USC ISI to Develop Translation and Information-Retrieval System for Uncommon Languages

| January 8, 2018

Researchers receive $16.7 million grant to automatically translate and summarize “low-resource” language documents into English

ISI researchers are developing an automated information translation and summarization tool to quickly translate obscure languages. Photo/iStock.

A team of researchers from the Information Sciences Institute at USC Viterbi has received a $16.7 million grant from the Intelligence Advanced Research Projects Activity (IARPA) to develop an automated information translation and summarization tool to quickly translate obscure languages.

Principal investigator and ISI research team leader Scott Miller, ISI computer scientist Jonathan May, ISI research lead Elizabeth Boschee—with senior advisors Prem Natarajan, ISI’s Michael Keston executive director and research professor of computer science, and Kevin Knight, ISI research director and Dean’s professor of computer science—are leading a team of about 30 researchers, including academics from the University of Massachusetts, Northeastern University, MIT, RPI, and the University of Notre Dame.

The ISI team’s project is called SARAL, which stands for Summarization and domain-Adaptive Retrieval (a Hindi word whose translations include “simple” and “ingenious”), and includes experts in machine translation, speech recognition, morphology, information retrieval, representation, and summarization.

The overall objective is to provide a Google-like capability, except the queries are in English but the retrieved documents are in a low-resource foreign languageScott Miller

“The overall objective is to provide a Google-like capability, except the queries are in English but the retrieved documents are in a low-resource foreign language,” says Miller, who is based at ISI’s newest office in Boston, MA.

“The aim is to retrieve relevant foreign-language documents and to provide English summaries explaining how each document is relevant to the English query.”

In this project, the ISI team will initially test their systems using Tagalog and Swahili, two low-resource languages selected by IARPA for the task. Over the course of the project, the team will receive additional languages to translate using the systems.

Doing more with less

Although so-called “low resource” languages are often spoken by millions of people worldwide, relatively little written material exists in these languages. This creates a challenge for current translation systems, which typically “learn” from seeing millions of written examples.

“Since we don’t have a lot of written data in these languages, we have to do more with less,” says May, who also holds an appointment as a research assistant professor in computer science at USC Viterbi.

“Ideally, we would use about 300 million words to train a machine translation system—and in this case, we have around 800,000 words. There are about 100,000 words per novel, so we have only eight novels’ worth of words to work from.”

Principal investigator Scott Miller, a research team leader based at ISI’s newest office in Boston. MA.

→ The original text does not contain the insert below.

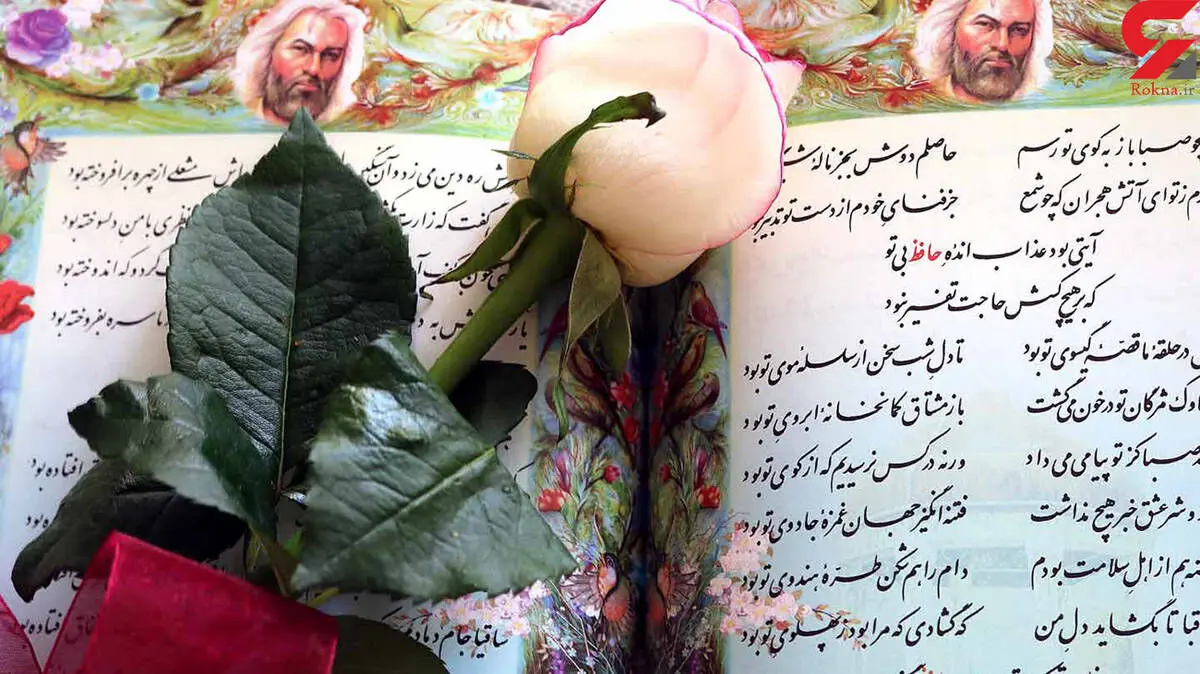 فال حافظ امروز دوشنبه 19 خرداد 1404 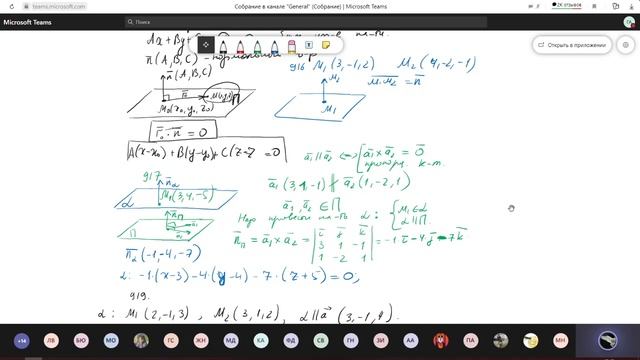 пз линал 1.12 смотреть онлайн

The researchers will begin the project by compiling documents in the test languages, including speech, online documents, and video clips, which have previously been translated into English.

They will then develop algorithms to analyze the language patterns, such as sentence structure—subject, verb and object position, for example—and morphology, the structure of words and their relation to other words in the same language.

The system will be designed to respond to domain-specific queries, for example environmental protection in the “government and politics” domain or primary education in the “lifestyle” domain, and will produce a summarized response of about 100 words describing how the result is relevant to the search.

“You can think of the summary as something like CliffsNotes, but with the added feature that it is indexed to the precise part you want to write your essay about,” says May.

In addition to ISI, a number of universities and research institutions will work towards the same goal: John Hopkins, Columbia University, and Raytheon BBN Technologies are also taking part in the IARPA program, called MATERIAL, which stands for Machine Translation for English Retrieval of Information in Any Language.

“IARPA’s MATERIAL program is the first organized attempt at synthesizing recent advances in machine translation, speech recognition, cross-lingual retrieval and summarization into a powerful new capability that allows users to accurately access all relevant information, across languages and modalities,” says Natarajan.  “We are tremendously grateful for the opportunity to contribute to this nationally important effort.”